[Stored data]
********************
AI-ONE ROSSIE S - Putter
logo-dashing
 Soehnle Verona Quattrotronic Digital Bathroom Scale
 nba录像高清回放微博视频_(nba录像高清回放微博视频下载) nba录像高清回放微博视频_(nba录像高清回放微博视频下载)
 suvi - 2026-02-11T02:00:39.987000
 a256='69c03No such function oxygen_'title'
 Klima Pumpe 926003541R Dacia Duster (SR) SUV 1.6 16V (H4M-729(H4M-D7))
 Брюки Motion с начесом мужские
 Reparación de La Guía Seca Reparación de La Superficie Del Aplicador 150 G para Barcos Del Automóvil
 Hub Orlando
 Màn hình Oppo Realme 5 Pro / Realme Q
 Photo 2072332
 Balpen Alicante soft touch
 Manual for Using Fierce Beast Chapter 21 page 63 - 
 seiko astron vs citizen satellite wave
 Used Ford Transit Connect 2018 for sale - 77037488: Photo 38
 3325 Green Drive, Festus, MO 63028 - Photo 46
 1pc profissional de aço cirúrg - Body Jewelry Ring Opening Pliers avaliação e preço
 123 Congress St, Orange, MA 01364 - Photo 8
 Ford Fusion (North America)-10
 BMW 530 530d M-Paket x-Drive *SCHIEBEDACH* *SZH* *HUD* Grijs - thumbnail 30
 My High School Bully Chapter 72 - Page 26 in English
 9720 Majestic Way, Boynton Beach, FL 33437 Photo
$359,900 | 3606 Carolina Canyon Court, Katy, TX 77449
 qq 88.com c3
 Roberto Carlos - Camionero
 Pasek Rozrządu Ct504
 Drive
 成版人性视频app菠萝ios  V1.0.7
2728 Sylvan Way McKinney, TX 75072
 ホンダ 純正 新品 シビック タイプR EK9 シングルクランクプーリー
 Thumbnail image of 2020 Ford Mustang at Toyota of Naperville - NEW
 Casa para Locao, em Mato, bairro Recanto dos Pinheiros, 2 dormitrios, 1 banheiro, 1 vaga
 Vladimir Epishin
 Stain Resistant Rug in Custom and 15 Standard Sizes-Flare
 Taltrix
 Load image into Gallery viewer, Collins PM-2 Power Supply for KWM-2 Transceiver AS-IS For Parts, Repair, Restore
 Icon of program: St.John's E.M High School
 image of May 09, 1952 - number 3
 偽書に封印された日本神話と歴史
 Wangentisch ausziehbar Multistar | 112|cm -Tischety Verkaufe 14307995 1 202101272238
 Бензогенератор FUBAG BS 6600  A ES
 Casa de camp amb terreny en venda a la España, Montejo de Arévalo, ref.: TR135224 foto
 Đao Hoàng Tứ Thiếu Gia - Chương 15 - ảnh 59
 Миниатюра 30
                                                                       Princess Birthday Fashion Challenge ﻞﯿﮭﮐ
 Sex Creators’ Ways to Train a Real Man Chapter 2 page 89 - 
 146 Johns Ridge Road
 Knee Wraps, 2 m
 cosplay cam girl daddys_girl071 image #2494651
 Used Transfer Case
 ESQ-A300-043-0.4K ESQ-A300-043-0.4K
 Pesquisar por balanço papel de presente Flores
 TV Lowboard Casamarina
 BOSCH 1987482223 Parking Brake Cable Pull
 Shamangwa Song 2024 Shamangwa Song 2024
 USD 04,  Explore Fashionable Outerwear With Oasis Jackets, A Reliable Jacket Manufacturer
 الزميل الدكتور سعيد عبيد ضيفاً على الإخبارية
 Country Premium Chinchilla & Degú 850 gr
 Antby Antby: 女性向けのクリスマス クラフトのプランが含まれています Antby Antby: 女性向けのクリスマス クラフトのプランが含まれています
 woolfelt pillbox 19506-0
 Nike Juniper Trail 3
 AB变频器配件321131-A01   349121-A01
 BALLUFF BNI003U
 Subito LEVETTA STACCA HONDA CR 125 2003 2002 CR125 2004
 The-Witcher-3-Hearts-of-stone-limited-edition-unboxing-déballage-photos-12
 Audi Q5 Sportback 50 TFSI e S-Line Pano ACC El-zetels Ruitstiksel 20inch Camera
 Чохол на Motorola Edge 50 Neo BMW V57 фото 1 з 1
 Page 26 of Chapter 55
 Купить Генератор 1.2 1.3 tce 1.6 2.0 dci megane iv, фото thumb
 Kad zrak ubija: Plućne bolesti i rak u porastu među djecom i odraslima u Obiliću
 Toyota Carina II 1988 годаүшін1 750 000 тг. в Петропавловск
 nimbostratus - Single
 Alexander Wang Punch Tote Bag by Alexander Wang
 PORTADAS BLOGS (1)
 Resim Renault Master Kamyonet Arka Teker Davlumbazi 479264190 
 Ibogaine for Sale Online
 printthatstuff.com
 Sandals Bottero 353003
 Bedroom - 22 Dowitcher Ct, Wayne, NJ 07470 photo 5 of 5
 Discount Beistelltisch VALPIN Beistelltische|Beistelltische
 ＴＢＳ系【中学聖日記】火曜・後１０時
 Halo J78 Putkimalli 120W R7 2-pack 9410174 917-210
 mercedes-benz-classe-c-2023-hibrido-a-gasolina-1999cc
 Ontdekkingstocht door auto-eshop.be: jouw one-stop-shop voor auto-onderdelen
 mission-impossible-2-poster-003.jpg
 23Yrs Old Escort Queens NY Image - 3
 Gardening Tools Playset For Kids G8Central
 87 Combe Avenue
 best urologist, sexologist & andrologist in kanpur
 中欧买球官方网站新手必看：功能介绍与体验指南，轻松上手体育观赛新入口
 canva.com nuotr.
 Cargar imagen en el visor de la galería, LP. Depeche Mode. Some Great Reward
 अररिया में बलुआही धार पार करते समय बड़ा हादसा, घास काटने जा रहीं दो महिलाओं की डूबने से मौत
********************
--- EXERCISE OBJECTIVE ---
Set down, unchanged, only those lines above that fall between the line with "Princess Birthday Fashion" and the line with "Gardening Tools Playset For Kids G8Central", the two end lines included.

--- RESPONSE TO THE TASK ---
                                                                       Princess Birthday Fashion Challenge ﻞﯿﮭﮐ
 Sex Creators’ Ways to Train a Real Man Chapter 2 page 89 - 
 146 Johns Ridge Road
 Knee Wraps, 2 m
 cosplay cam girl daddys_girl071 image #2494651
 Used Transfer Case
 ESQ-A300-043-0.4K ESQ-A300-043-0.4K
 Pesquisar por balanço papel de presente Flores
 TV Lowboard Casamarina
 BOSCH 1987482223 Parking Brake Cable Pull
 Shamangwa Song 2024 Shamangwa Song 2024
 USD 04,  Explore Fashionable Outerwear With Oasis Jackets, A Reliable Jacket Manufacturer
 الزميل الدكتور سعيد عبيد ضيفاً على الإخبارية
 Country Premium Chinchilla & Degú 850 gr
 Antby Antby: 女性向けのクリスマス クラフトのプランが含まれています Antby Antby: 女性向けのクリスマス クラフトのプランが含まれています
 woolfelt pillbox 19506-0
 Nike Juniper Trail 3
 AB变频器配件321131-A01   349121-A01
 BALLUFF BNI003U
 Subito LEVETTA STACCA HONDA CR 125 2003 2002 CR125 2004
 The-Witcher-3-Hearts-of-stone-limited-edition-unboxing-déballage-photos-12
 Audi Q5 Sportback 50 TFSI e S-Line Pano ACC El-zetels Ruitstiksel 20inch Camera
 Чохол на Motorola Edge 50 Neo BMW V57 фото 1 з 1
 Page 26 of Chapter 55
 Купить Генератор 1.2 1.3 tce 1.6 2.0 dci megane iv, фото thumb
 Kad zrak ubija: Plućne bolesti i rak u porastu među djecom i odraslima u Obiliću
 Toyota Carina II 1988 годаүшін1 750 000 тг. в Петропавловск
 nimbostratus - Single
 Alexander Wang Punch Tote Bag by Alexander Wang
 PORTADAS BLOGS (1)
 Resim Renault Master Kamyonet Arka Teker Davlumbazi 479264190 
 Ibogaine for Sale Online
 printthatstuff.com
 Sandals Bottero 353003
 Bedroom - 22 Dowitcher Ct, Wayne, NJ 07470 photo 5 of 5
 Discount Beistelltisch VALPIN Beistelltische|Beistelltische
 ＴＢＳ系【中学聖日記】火曜・後１０時
 Halo J78 Putkimalli 120W R7 2-pack 9410174 917-210
 mercedes-benz-classe-c-2023-hibrido-a-gasolina-1999cc
 Ontdekkingstocht door auto-eshop.be: jouw one-stop-shop voor auto-onderdelen
 mission-impossible-2-poster-003.jpg
 23Yrs Old Escort Queens NY Image - 3
 Gardening Tools Playset For Kids G8Central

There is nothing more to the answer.